Make sure your project schedules are up to date with relevant information. Keep documents updated. Shift as much of your working practice as possible into your software tools so everyone knows that’s the place to go for updated project information.
When you lead by example in this way, you will hopefully influence the behaviour of others, and make it easier for them to engage with the software too.
Make sure everyone on the team has an active login and knows how to use the collaboration software. Provide support and refresher training to anyone who might need it.
3. Use Different Communication Tools
Having said that you should get your collaboration tools in order, don’t be overly reliant on one software tool.
Try to mix up how you engage with the team. Some degree of routine and predictability is fine, and Thomas P. Wise talks about engaging reliably in his book, Trust in Virtual Teams. But sometimes a little bit of variety is a good thing to keep momentum going and morale high.
Try a virtual scavenger hunt in the office (here are some instructions) or switch on your webcams if you normally have them off.
Being creative with how you interact with the team can prompt different types of engagement. You might get more creative responses to a brainstorming session, for example, if you use a tool you’ve not used before.
If you’re limited by what tech is available, simply ask someone else to chair a meeting. Having a different voice take the lead can also be enough to shift the energy of the team.
4. Be Specific About Task Ownership
One of the challenges I’ve had in virtual teams is that when a message is sent to the group, no one steps up to take ownership of the action.
When you make a specific request of someone as an individual, they are more likely to respond. Think about how you interact with the team – if you are struggling to get people to take responsibility for tasks, could that be the reason why? Try to engage with people on a one-to-one basis and set out the project tasks they are responsible for.

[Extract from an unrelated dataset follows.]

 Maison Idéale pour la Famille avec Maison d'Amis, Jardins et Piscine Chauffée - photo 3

I’ve found that working in a virtual team creates more of a ‘management’ overhead than working in a co-located team, because of the extra effort involved in communication and engaging stakeholders. It’s not harder – it just takes a longer time. Delegate as much as you can so that you can spread the work between the team.
5. Use the Hierarchy
Many project managers work in a matrix, so not only do you have to engage with individual team members, but also their managers.
If your project work isn’t moving forward as fast as you would like, consider escalating to the appropriate manager. However, do this sensitively. Sending an email to a colleague and copying in their line manager is a passive aggressive way of escalating – avoid this!

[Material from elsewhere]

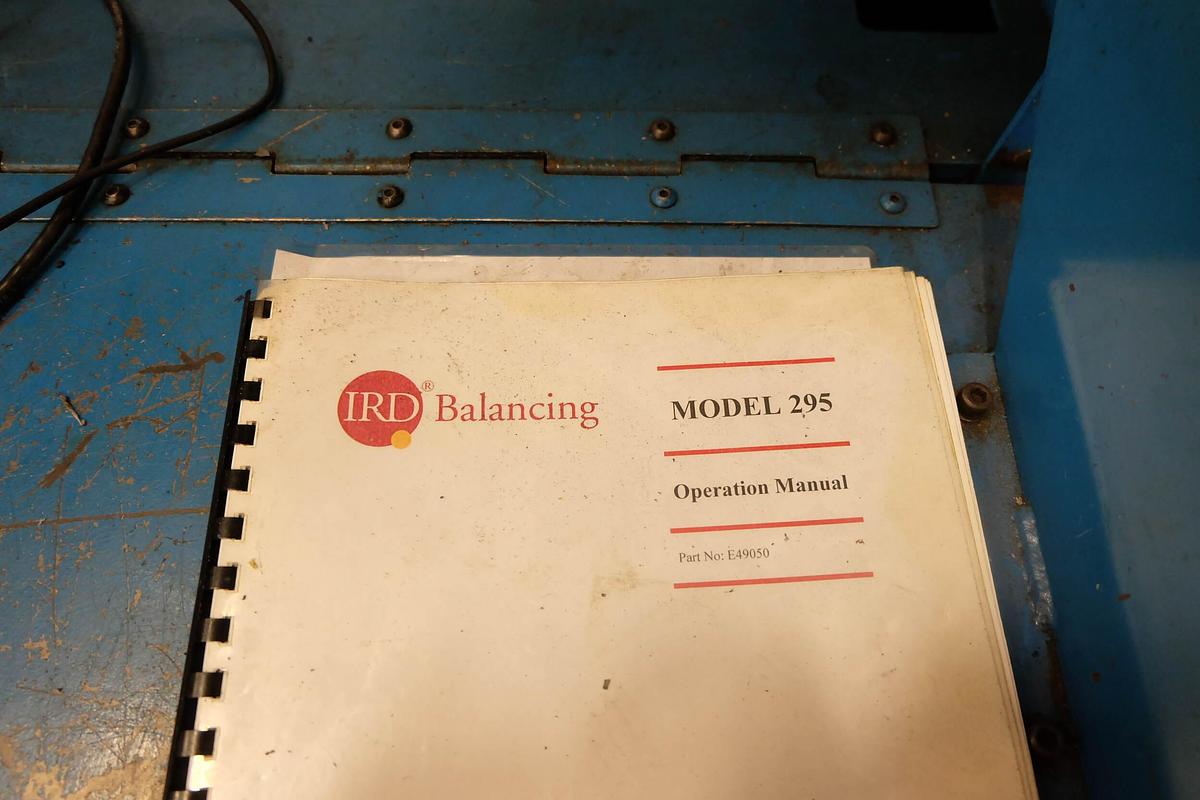 Used IRD B750RR SERIES SOFT BEARING HORIZONTAL DYNAMIC BALANCING MACHINE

I mentor project managers and sometimes the concern comes up that they don’t feel they can talk to someone’s manager. Of course you can. Your role as the project manager is to make sure the work gets done. If the work isn’t getting done, and you’ve exhausted your own ways of trying to ensure it is, then escalation is a proportionate and responsible next step. Plus, you should be seen in the organization as a business leader, not someone who carries out project admin. Stepping up and flagging problems where they exist is a way to be seen in that role.
I love working in a virtual team. It’s an amazing sense of freedom, and I know my team mates get on with their tasks with an incredible work ethic. We’re more productive, and we actually work more hours because we don’t have to spend time commuting.
Keeping your project going with a virtual team does require a different mindset to working in an office with all your colleagues, but there are many advantages. With some creative thinking, you can still make great progress on your work.